An open API service indexing awesome lists of open source software.

Awesome Lists | Featured Topics | Projects

https://github.com/google-research/semivl

[ECCV'24] Official Implementation of SemiVL: Semi-Supervised Semantic Segmentation with Vision-Language Guidance
https://github.com/google-research/semivl

Last synced: 6 days ago
JSON representation

[ECCV'24] Official Implementation of SemiVL: Semi-Supervised Semantic Segmentation with Vision-Language Guidance

Awesome Lists containing this project

README

        

# SemiVL: Semi-Supervised Semantic Segmentation with Vision-Language Guidance

**by
[Lukas Hoyer](https://lhoyer.github.io/),
[David Joseph Tan](https://scholar.google.de/citations?user=iEwvGPkAAAAJ&hl=en),
[Muhammad Ferjad Naeem](https://ferjad.github.io/),
[Luc Van Gool](https://scholar.google.de/citations?user=TwMib_QAAAAJ&hl=en),
and [Federico Tombari](https://federicotombari.github.io/)**

*This is not an officially supported Google product.*

:bell: **News:** We are happy to announce that SemiVL was accepted at **ECCV24**!
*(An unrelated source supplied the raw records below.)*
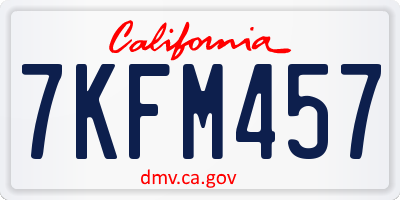 CA license plate 7KFM457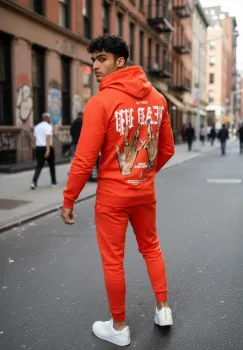 Trening barbati slim fit portocaliu  Pantaloni + Hanorac  13390 40-4.2 imagine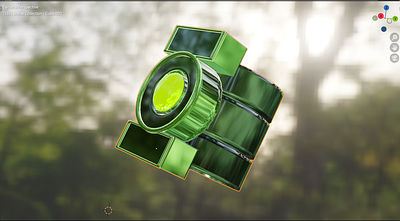 90s Green Lantern Ring 3d model 3d website comic concept art glb gltf green lantern hal jordan product design three js webgl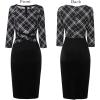 imageVFSHOW Womens Wear to Work Slim Colorblock Crisscross Waist Front Zipper Business Party Office Bodycon Pencil Sheath DressBlack and White Checkblack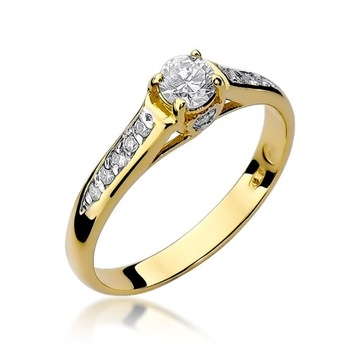PIERŚCIONEK Z ŻÓŁTEGO ZŁOTA Z DIAMENTAMI 0,33ct Okazja Goldrun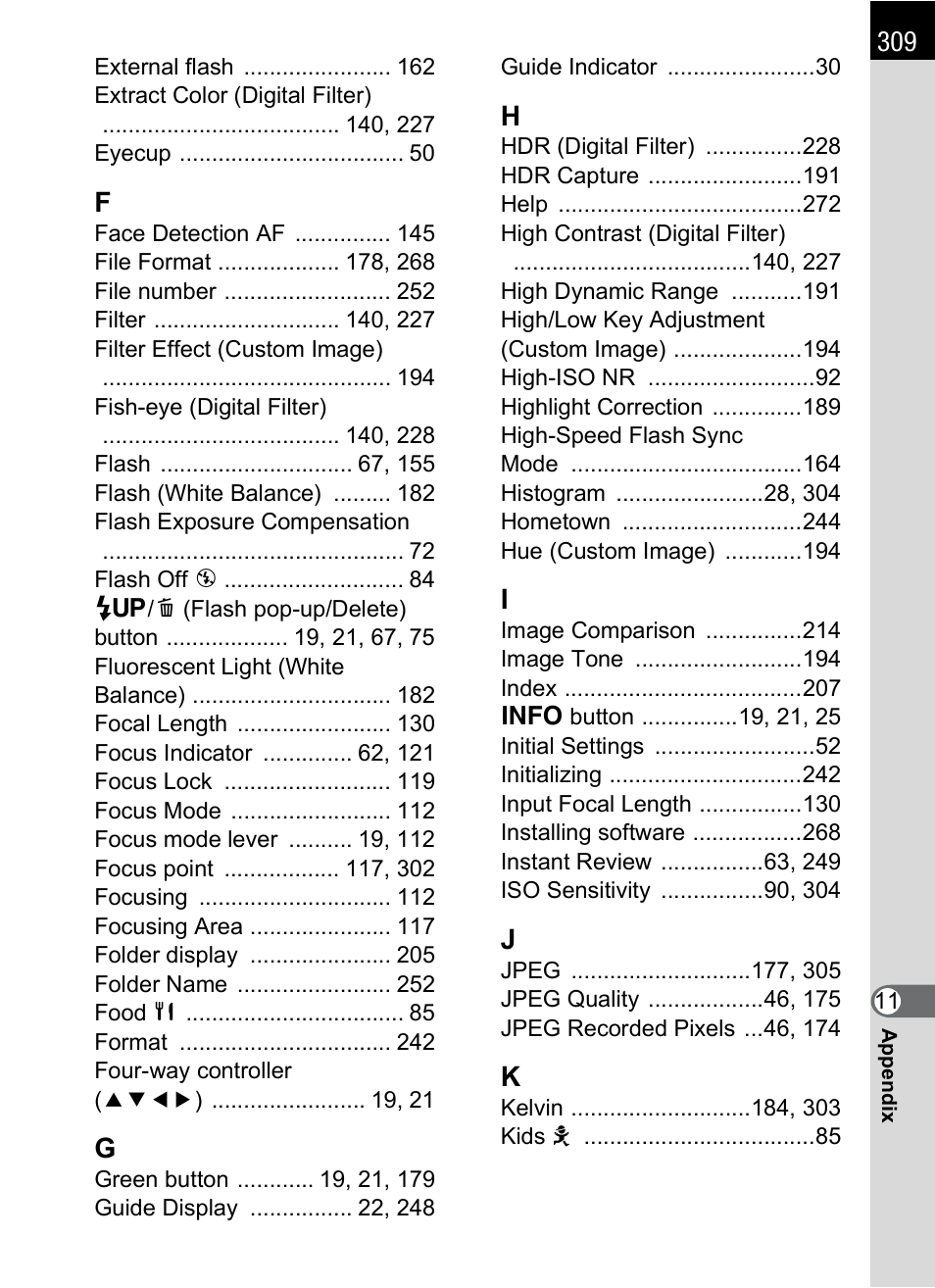Pentax K-X User Manual | Page 311 / 324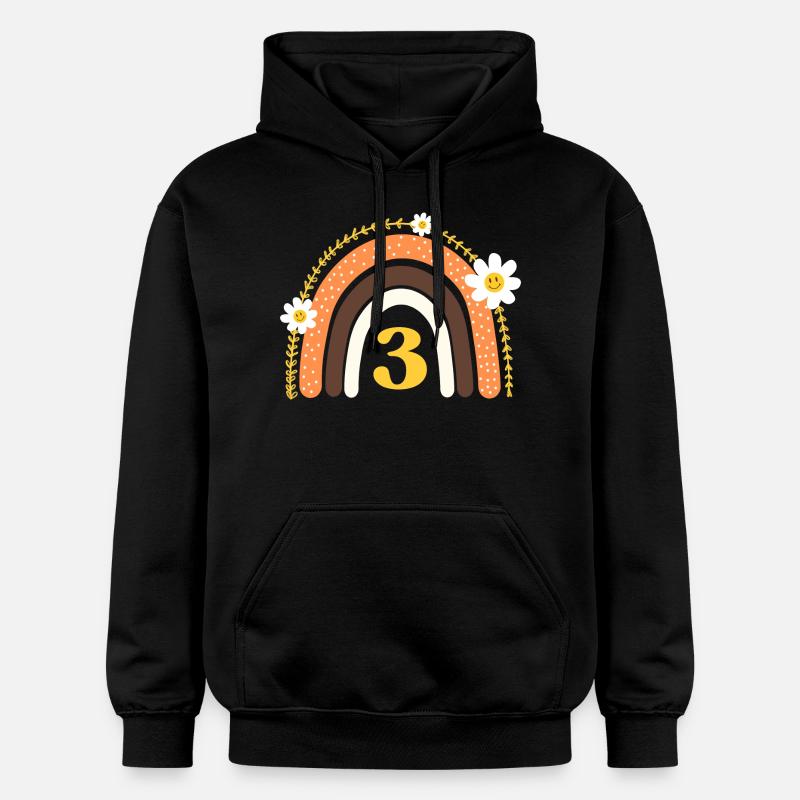 3e anniversaire rainbow jaune - Sweat à capuche Softstyle® Gildan Unisexe - noir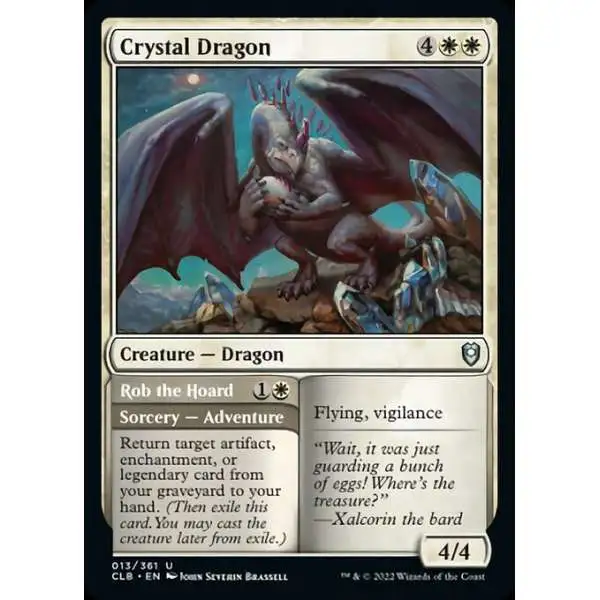 MtG Trading Card Game Commander Legends: Dungeons & Dragons Battle For Baldur's Gate Uncommon Foil Crystal Dragon // Rob the Hoard #13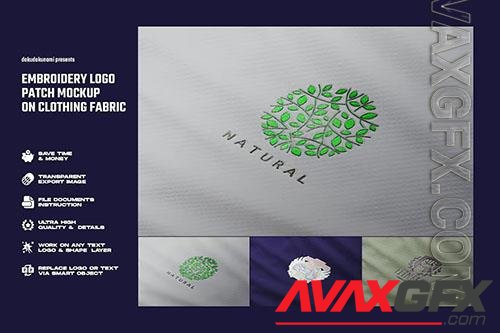 Embroidery logo patch mockup on clothing fabric PSD VOL 2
**[[Arxiv]](https://arxiv.org/abs/2311.16241) [[Paper]](https://arxiv.org/pdf/2311.16241.pdf)**

## Overview

In semi-supervised semantic segmentation, a model is trained with a limited number of labeled images along with a large corpus of unlabeled images to reduce the high annotation effort. While previous methods are able to learn good segmentation boundaries, they are prone to confuse classes with similar visual appearance due to the limited supervision. On the other hand, vision-language models (VLMs) are able to learn diverse semantic knowledge from image-caption datasets but produce noisy segmentation due to the image-level training. In SemiVL, we propose to integrate rich priors from VLM pre-training into semi-supervised semantic segmentation to learn better semantic decision boundaries. To adapt the VLM from global to local reasoning, we introduce a spatial fine-tuning strategy for label-efficient learning. Further, we design a language-guided decoder to jointly reason over vision and language. Finally, we propose to handle inherent ambiguities in class labels by providing the model with language guidance in the form of class definitions.
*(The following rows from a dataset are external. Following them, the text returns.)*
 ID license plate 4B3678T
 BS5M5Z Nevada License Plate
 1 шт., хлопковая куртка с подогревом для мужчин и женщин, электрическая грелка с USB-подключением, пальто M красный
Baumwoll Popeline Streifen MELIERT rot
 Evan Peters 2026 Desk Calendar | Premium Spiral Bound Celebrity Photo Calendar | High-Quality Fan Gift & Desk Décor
We evaluate SemiVL on 4 semantic segmentation datasets (Pascal VOC, COCO, ADE20K, and Cityscapes), where it achieves major gains over previous semi-supervised methods as shown exemplary for Pascal VOC below.

The improvements are also qualitatively reflected in the example predictions, where SemiVL better distinguishes classes with similar visual appearance. Please note that SemiVL was trained in these examples with only 92 labeled images on Pascal VOC and with only 158 labeled images on ADE20K.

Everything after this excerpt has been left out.